§ PROBLEM REQUIREMENTS
Nothing but the lines below from the one containing "Who Will Remember" through the one containing "Roberto: The Insect" should appear in the answer, exact and without pictures.

§ TASK INPUT
____________
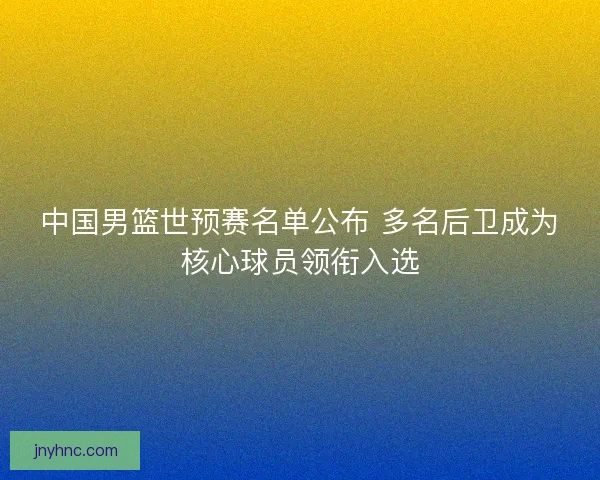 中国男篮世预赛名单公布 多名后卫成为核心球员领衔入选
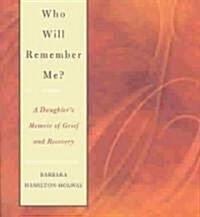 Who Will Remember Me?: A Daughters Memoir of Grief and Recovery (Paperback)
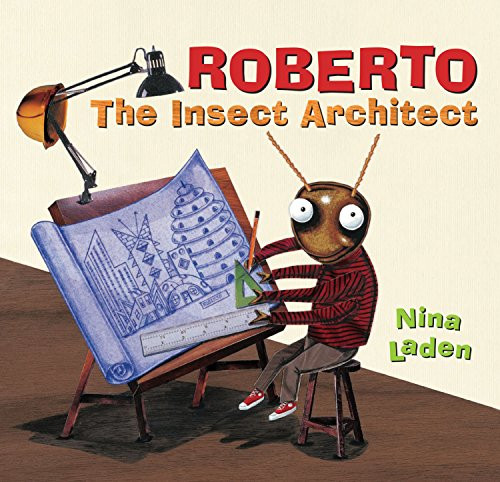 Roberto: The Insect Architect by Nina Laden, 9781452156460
____________
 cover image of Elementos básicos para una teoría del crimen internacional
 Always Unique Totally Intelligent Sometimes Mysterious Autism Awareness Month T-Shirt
____________
§ THE COMPLETED TASK
 Who Will Remember Me?: A Daughters Memoir of Grief and Recovery (Paperback)
 Roberto: The Insect Architect by Nina Laden, 9781452156460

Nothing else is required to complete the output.